Recorded information:
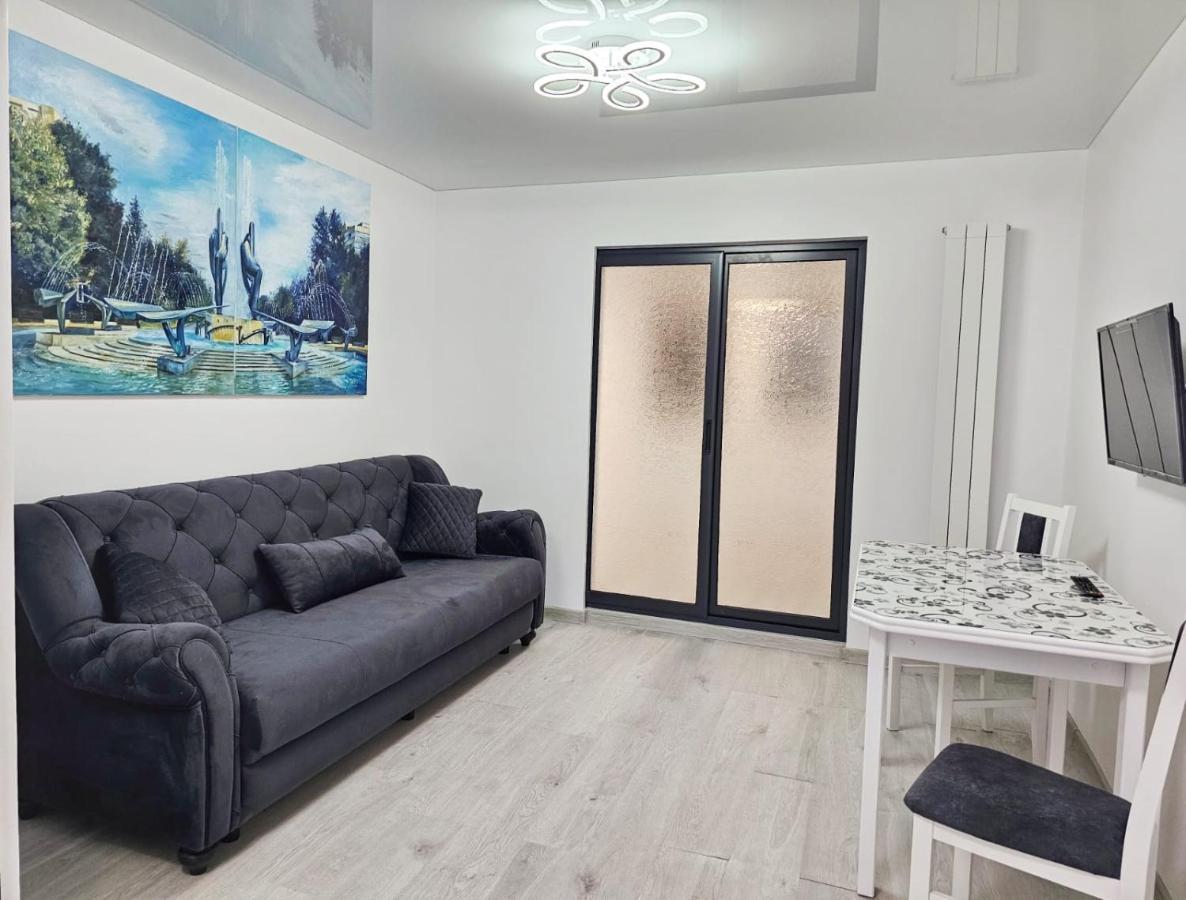 Blue Apartament Braiła Zewnętrze zdjęcie
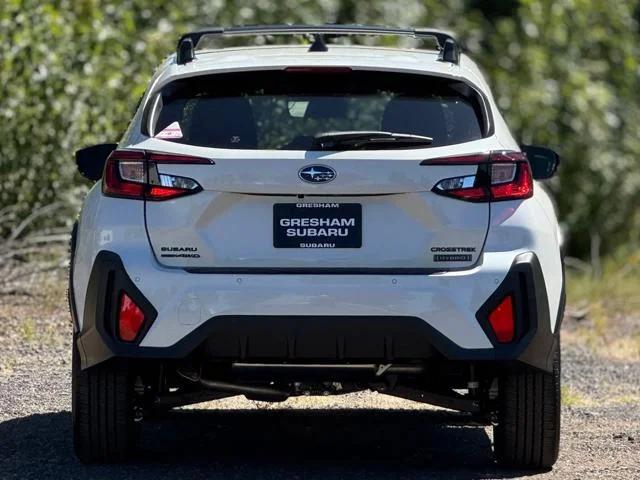 New 2026 CRYSTAL WHITE PEARL Subaru Sport Hybrid image 6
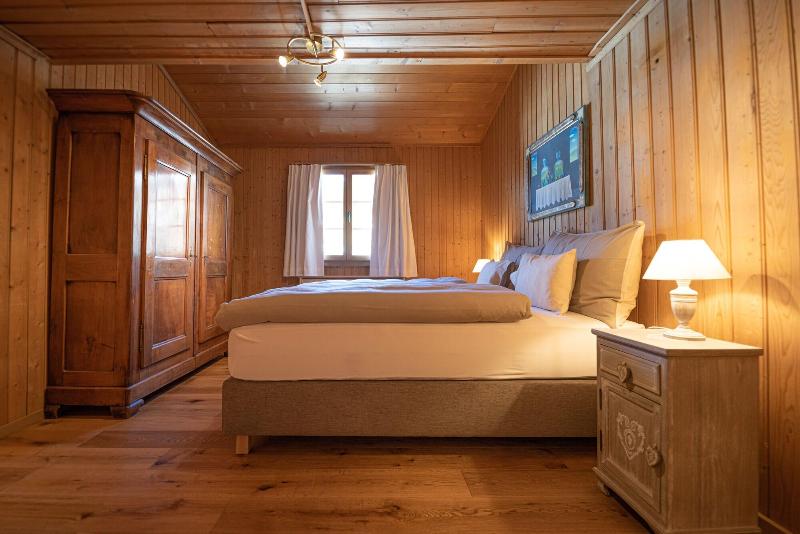 Boutique Hotel Alpenrose - Oda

Exercise: Nothing but an exact copy of the data, without its images, should make up your answer.

Problem solution:
 Blue Apartament Braiła Zewnętrze zdjęcie
 New 2026 CRYSTAL WHITE PEARL Subaru Sport Hybrid image 6
 Boutique Hotel Alpenrose - Oda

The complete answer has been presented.